Ancak uzmanlara göre bu tesisin kurulması yalnızca askeri değil, aynı zamanda diplomatik anlamda da önemli mesajlar içeriyor. Katar Üniversitesi’nden Prof. Dr. Ali Bakir, bu adımın “Katar’ın ABD içindeki etkisini artırma, Washington yönetimiyle olası siyasi gerginlikleri bertaraf etme ve Trump ile kişisel ilişkileri güçlendirme amacı taşıdığını” ifade etti.

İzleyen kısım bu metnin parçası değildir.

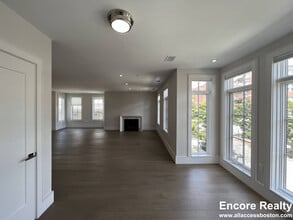 20 Marion St, Unit 46 in Brookline, MA - Building Photo - Building Photo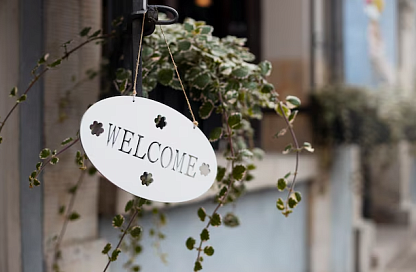 Кириллица вернулась на вывески: в России вступил в силу запрет на иностранные слова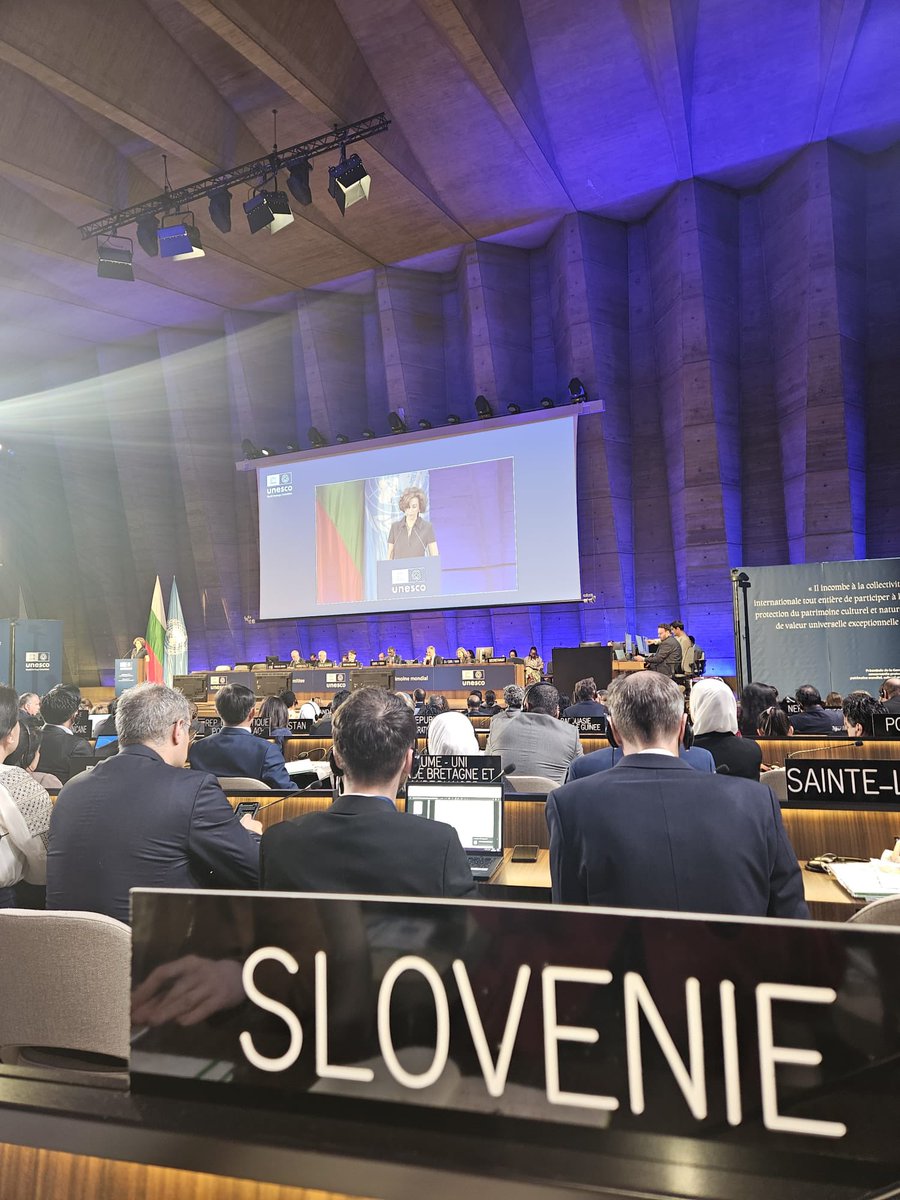 Slovénie en France (@sloinfra) on Twitter photo 🇸🇮 Présente à la 47e session du Comité du patrimoine mondial à #UNESCO, qui se tient à Paris jusqu’au 16 juillet, la Slovénie réaffirme son attachement à la préservation du patrimoine mondial. #WHC <a href="/MZEZ_RS/">MFEA Slovenia</a> <a href="/mk_gov_si/">Ministrstvo za kulturo</a> <a href="/RCBek/">Renata Cvelbar Bek</a> <a href="/UNESCO/">UNESCO 🏛️ #Education #Sciences #Culture 🇺🇳</a> 🇸🇮 Présente à la 47e session du Comité du patrimoine mondial à #UNESCO, qui se tient à Paris jusqu’au 16 juillet, la Slovénie réaffirme son attachement à la préservation du patrimoine mondial. #WHC <a href="/MZEZ_RS/">MFEA Slovenia</a> <a href="/mk_gov_si/">Ministrstvo za kulturo</a> <a href="/RCBek/">Renata Cvelbar Bek</a> <a href="/UNESCO/">UNESCO 🏛️ #Education #Sciences #Culture 🇺🇳</a>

Tesisin aynı zamanda ABD’de istihdam yaratacağı, altyapıya katkı sağlayacağı ve Katar’ın Savunma Bakanlığı ile bağlarını güçlendireceği belirtiliyor. 2022 yılında “NATO dışı büyük müttefik” statüsüne kavuşan Katar’ın bu adımı, Washington nezdindeki konumunu daha da sağlamlaştıran bir karşılıklı güven jesti olarak yorumlanıyor.

Birleşik Arap Emirlikleri merkezli Rabdan Güvenlik ve Savunma Enstitüsü’nden kıdemli araştırmacı Kristian Alexander, tesisin ABD’nin Ortadoğu’daki yükünü müttefiklerle paylaşma stratejisinin bir yansıması olduğunu belirtti. Bu tür anlaşmaların Körfez ülkelerine daha fazla operasyonel özerklik kazandırdığını ve ABD’nin Doğu Asya’ya odaklanma politikasına katkı sunduğunu ifade etti.

Prof. Dr. Bakir ayrıca, bu adımın Katar’ın gelecekte daha fazla ABD menşeli silah alımına ve ABD ile ekonomik iş birliklerine kapı aralayabileceğini vurguladı.